## Exercise requirements
Give back exactly the lines of the material below that start at the line containing "Ivan Pillud of" and end at the line containing "Rocky hill topped", and no others.

## Material for the task
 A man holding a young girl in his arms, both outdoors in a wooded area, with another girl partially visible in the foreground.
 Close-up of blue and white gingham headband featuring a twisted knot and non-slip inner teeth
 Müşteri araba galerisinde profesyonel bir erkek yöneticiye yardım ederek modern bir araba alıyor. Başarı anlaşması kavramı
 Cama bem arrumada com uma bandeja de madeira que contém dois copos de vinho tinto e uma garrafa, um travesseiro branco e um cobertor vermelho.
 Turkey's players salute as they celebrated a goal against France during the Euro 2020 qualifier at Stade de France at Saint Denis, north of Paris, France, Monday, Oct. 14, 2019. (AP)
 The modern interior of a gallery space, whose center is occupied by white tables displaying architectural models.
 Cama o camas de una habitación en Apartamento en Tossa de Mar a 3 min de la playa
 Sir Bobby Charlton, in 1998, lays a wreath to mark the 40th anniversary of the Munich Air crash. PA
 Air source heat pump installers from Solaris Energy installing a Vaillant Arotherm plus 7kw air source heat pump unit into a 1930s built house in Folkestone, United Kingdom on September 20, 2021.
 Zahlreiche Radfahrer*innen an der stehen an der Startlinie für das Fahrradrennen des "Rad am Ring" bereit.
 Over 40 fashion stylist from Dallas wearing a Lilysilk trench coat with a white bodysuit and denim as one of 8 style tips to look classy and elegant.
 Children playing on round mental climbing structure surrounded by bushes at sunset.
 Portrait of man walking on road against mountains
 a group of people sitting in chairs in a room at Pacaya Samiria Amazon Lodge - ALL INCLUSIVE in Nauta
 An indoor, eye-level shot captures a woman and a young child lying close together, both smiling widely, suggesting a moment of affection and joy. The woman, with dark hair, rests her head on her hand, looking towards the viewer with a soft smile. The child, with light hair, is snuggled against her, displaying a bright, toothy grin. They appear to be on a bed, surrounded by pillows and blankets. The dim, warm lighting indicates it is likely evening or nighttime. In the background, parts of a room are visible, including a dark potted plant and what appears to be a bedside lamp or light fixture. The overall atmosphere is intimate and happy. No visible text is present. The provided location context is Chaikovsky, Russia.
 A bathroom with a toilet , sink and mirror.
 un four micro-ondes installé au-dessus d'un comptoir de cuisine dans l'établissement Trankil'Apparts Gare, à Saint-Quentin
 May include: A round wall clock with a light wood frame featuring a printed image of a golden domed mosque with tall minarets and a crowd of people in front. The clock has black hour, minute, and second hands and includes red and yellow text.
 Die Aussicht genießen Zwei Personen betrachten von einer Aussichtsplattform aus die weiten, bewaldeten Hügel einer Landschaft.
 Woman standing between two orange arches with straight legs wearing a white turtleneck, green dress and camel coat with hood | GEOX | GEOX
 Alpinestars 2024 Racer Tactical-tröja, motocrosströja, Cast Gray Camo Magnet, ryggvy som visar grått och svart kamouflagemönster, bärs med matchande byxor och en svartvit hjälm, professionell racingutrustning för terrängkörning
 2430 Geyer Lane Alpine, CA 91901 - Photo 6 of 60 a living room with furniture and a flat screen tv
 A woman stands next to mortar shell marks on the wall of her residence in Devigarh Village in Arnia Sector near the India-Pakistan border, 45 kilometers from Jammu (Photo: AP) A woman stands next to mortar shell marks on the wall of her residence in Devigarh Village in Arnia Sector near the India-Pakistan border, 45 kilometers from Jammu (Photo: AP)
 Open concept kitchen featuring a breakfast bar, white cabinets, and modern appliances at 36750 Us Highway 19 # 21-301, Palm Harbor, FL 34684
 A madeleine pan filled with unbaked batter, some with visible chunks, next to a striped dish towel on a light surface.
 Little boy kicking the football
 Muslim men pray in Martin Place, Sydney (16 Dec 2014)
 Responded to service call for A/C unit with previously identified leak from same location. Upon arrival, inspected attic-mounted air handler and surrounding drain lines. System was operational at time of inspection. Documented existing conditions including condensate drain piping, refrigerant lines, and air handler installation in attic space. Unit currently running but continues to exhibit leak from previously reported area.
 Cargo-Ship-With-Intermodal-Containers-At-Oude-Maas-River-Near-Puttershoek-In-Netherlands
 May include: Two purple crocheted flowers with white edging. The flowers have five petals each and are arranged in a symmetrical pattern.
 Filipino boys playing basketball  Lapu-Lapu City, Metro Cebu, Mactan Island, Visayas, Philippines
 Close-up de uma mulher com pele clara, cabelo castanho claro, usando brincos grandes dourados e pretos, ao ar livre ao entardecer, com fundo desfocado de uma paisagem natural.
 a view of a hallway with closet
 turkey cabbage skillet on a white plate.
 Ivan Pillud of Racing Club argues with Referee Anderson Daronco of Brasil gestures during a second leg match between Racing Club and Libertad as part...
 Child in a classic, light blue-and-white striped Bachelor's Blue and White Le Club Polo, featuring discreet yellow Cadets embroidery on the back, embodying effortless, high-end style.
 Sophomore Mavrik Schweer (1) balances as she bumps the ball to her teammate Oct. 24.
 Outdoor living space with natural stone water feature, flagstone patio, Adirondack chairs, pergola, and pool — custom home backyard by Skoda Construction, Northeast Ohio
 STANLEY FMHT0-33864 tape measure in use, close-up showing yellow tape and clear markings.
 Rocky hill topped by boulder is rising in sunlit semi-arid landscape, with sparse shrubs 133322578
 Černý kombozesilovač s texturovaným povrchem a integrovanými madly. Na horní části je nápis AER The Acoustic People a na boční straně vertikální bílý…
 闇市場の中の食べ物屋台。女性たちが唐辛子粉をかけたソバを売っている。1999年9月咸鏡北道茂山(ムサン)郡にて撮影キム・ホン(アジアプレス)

## Answer below
 Ivan Pillud of Racing Club argues with Referee Anderson Daronco of Brasil gestures during a second leg match between Racing Club and Libertad as part...
 Child in a classic, light blue-and-white striped Bachelor's Blue and White Le Club Polo, featuring discreet yellow Cadets embroidery on the back, embodying effortless, high-end style.
 Sophomore Mavrik Schweer (1) balances as she bumps the ball to her teammate Oct. 24.
 Outdoor living space with natural stone water feature, flagstone patio, Adirondack chairs, pergola, and pool — custom home backyard by Skoda Construction, Northeast Ohio
 STANLEY FMHT0-33864 tape measure in use, close-up showing yellow tape and clear markings.
 Rocky hill topped by boulder is rising in sunlit semi-arid landscape, with sparse shrubs 133322578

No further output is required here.